Description of the task —
Transcribe exactly everything in the data below from the line containing "So it works" down to the line containing "It is possible", both lines included and nothing further.

• • • • • • •

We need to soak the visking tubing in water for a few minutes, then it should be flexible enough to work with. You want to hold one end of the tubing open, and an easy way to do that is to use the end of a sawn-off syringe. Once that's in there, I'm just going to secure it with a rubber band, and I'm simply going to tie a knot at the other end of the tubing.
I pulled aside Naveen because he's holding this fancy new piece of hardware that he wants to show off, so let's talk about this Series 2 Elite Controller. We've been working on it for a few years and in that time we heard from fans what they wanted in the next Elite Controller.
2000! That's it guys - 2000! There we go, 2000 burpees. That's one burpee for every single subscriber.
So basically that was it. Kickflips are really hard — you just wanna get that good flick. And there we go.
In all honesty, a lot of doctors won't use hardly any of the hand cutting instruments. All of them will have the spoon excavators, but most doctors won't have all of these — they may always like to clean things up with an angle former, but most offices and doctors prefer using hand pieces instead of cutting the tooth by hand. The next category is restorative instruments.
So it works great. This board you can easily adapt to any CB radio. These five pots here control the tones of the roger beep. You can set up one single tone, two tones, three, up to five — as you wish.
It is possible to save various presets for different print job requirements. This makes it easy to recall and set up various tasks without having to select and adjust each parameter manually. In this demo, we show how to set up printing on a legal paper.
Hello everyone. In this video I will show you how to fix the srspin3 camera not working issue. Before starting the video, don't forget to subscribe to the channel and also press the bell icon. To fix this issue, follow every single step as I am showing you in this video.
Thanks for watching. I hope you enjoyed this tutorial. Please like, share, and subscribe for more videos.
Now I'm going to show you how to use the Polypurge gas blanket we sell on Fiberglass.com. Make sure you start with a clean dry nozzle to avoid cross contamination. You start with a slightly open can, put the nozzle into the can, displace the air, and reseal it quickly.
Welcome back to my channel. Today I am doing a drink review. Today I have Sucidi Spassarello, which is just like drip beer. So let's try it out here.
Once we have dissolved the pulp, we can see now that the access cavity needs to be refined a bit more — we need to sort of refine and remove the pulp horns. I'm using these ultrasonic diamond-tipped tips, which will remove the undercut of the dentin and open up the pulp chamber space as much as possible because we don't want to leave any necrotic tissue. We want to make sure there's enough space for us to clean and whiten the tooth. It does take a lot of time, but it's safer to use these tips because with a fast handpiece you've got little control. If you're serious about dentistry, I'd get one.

• • • • • • •

Expected output —
So it works great. This board you can easily adapt to any CB radio. These five pots here control the tones of the roger beep. You can set up one single tone, two tones, three, up to five — as you wish.
It is possible to save various presets for different print job requirements. This makes it easy to recall and set up various tasks without having to select and adjust each parameter manually. In this demo, we show how to set up printing on a legal paper.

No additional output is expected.